_Extracted material_
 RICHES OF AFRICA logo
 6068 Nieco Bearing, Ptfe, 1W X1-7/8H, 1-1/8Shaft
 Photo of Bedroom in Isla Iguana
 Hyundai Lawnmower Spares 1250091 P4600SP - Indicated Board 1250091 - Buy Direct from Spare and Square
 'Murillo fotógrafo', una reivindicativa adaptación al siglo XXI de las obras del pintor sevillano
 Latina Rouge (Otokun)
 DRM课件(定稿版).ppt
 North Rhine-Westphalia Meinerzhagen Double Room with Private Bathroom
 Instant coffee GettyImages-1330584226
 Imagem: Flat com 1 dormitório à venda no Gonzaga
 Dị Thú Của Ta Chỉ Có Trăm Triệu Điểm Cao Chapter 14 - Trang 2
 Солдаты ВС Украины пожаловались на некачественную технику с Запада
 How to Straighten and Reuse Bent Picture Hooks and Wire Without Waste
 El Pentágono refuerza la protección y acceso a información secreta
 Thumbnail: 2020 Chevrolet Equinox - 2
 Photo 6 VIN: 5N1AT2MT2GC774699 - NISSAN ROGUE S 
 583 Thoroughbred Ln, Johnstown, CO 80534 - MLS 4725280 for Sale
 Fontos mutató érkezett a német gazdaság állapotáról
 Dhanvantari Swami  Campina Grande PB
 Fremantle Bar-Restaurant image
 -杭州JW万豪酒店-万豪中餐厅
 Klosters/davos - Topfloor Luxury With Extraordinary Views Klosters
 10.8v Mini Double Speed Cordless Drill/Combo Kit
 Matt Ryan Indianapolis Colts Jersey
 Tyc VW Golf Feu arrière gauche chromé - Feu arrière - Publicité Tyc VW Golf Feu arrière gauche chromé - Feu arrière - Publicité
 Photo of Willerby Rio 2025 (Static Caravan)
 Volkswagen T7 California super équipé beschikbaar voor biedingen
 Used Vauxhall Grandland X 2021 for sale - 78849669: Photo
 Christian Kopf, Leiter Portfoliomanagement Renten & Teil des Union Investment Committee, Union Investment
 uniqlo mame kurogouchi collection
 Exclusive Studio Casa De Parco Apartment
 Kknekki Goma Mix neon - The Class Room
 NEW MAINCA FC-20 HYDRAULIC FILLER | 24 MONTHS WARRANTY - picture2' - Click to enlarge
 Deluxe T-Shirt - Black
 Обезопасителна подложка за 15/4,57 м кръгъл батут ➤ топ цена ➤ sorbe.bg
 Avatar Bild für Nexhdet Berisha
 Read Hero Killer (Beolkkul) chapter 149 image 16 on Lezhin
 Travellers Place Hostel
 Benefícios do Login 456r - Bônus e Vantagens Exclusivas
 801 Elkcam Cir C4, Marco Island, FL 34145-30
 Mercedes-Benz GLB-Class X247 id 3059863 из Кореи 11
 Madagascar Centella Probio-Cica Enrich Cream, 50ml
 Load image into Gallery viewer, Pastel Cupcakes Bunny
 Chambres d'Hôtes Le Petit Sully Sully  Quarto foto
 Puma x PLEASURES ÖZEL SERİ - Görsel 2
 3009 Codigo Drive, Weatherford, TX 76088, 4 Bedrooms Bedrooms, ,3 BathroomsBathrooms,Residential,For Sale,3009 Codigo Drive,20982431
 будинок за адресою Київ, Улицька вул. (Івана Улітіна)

_Work to be completed_
Everything from the line containing "Обезопасителна подложка за" through the final line of the records is what you should print, exactly and with nothing added.

_Response area_
 Обезопасителна подложка за 15/4,57 м кръгъл батут ➤ топ цена ➤ sorbe.bg
 Avatar Bild für Nexhdet Berisha
 Read Hero Killer (Beolkkul) chapter 149 image 16 on Lezhin
 Travellers Place Hostel
 Benefícios do Login 456r - Bônus e Vantagens Exclusivas
 801 Elkcam Cir C4, Marco Island, FL 34145-30
 Mercedes-Benz GLB-Class X247 id 3059863 из Кореи 11
 Madagascar Centella Probio-Cica Enrich Cream, 50ml
 Load image into Gallery viewer, Pastel Cupcakes Bunny
 Chambres d'Hôtes Le Petit Sully Sully  Quarto foto
 Puma x PLEASURES ÖZEL SERİ - Görsel 2
 3009 Codigo Drive, Weatherford, TX 76088, 4 Bedrooms Bedrooms, ,3 BathroomsBathrooms,Residential,For Sale,3009 Codigo Drive,20982431
 будинок за адресою Київ, Улицька вул. (Івана Улітіна)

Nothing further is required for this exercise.